腰……というか胸まわりはボールジョイントと軸可動の複合関節になっており、前方に大きく傾けることができます。後方に少しそらしたり、左右に傾けたりすることもできるので、アクションや表情付けに役立ちます。
脚の可動範囲はかなり柔軟で、左右開脚こそ120°程度ですが、前後にはぐるっと回転させることができ、膝は二重関節で深く曲げられます。
足首はシンプルなダブルボールジョイントですが、よほど広く開かない限りはしっかり接地できます。
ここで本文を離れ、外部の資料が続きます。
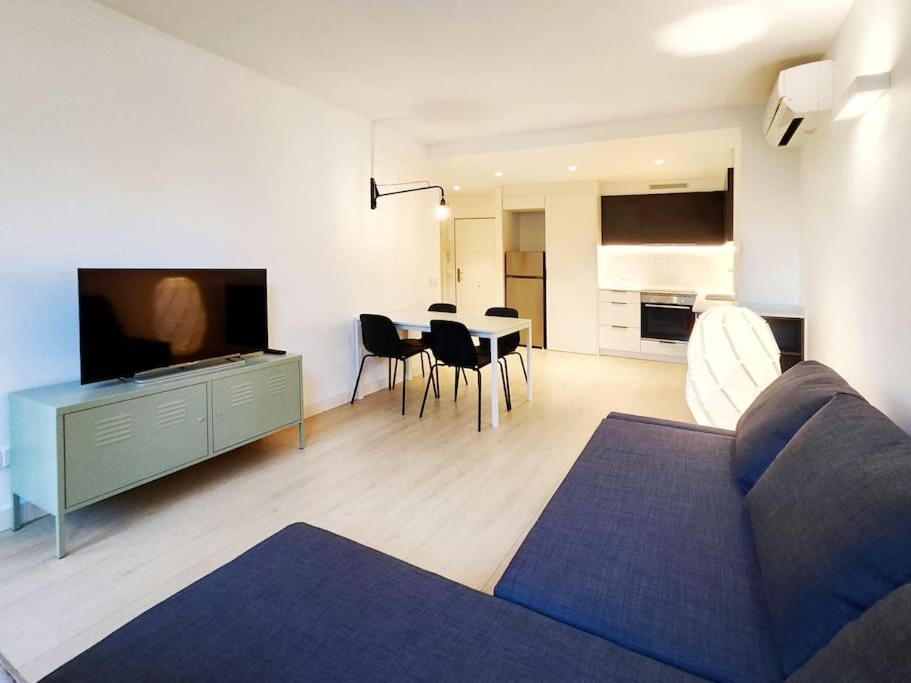 Moderno Apartamento En Terrassa Centro ภายนอก รูปภาพ
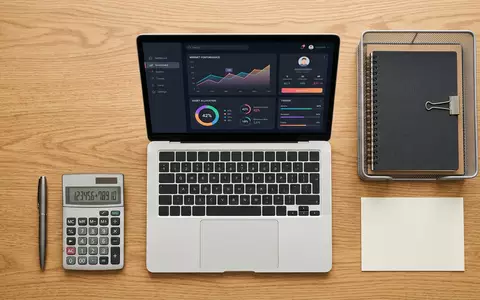 Flatlay-Arrangement rund um Wertpapierdepot zum Thema Consorsbank Depot, ISIN FR0000131104, weiches Oberlicht - Foto: THN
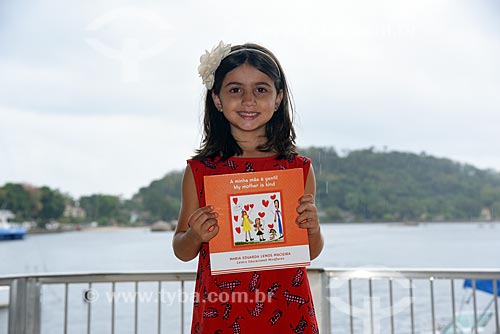  Maria Eduarda Lemos Macieira - just 6 years old - during the launch of her first book My Mother is Gentle! - Literary Festival of Paqueta (FLIPA)  - Rio de Janeiro city - Rio de Janeiro state (RJ) - Brazil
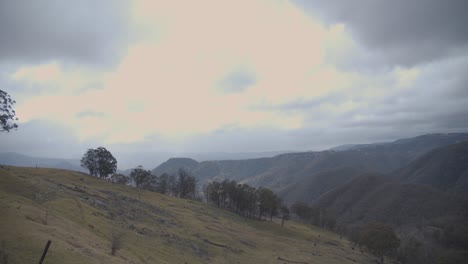 Gelbes-Auto,-Das-Während-Eines-Schneesturms-Die-Aussicht-Auf-Den-Barrington-Tops-Nationalpark-Bewundert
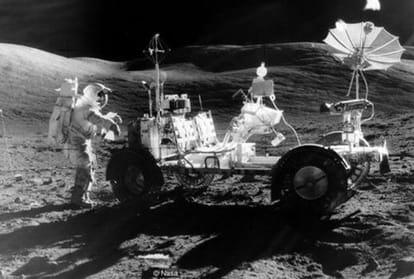 When Neil Armstrong first landed on rough land of moon, know what happened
また、内部にカバーパーツがあるので、ジョイントが露出しにくく見栄えが良いです。
総じて優秀な可動範囲であると言っていいでしょう。腕だけは引き出しや前腕回転などの機構がある割に今一つですが、首・胸・脚はとてもよく動きます。"あの"劇中と同じ、とはさすがに言えませんが、大方のポージングには不便しないレベルです。
また、関節は固めで保持力も高いです。ただ、部位にもよりますがギチギチと音を立てるほどなので、心配な場合はシリコンスプレーを吹いた方が良いかもしれません。
ちなみに、大きさは公式情報で約18cm。ROBOT魂と比較すると大きめのフィギュアですが、figmaやねんどろいどどーると並べたときのスケール感は劇中のイメージと近いのではないでしょうか。
次は付属品の紹介です。
一つ目はサバゲーセットです。ゴーグル、マスク、ポンチョ、ショットガンで、5話の序盤シーンを再現できます。
ショットガンはスライドが動くのでポンプアクションができますが、持ち手は右手しかないので、左手には持たせられません。
布製のポンチョは両端と真ん中にワイヤーが通っているので、自由な表情付けが可能です。首に巻き付ける部分にもワイヤーが通っているので、巻き方でポンチョの開き具合や向きを調整できます。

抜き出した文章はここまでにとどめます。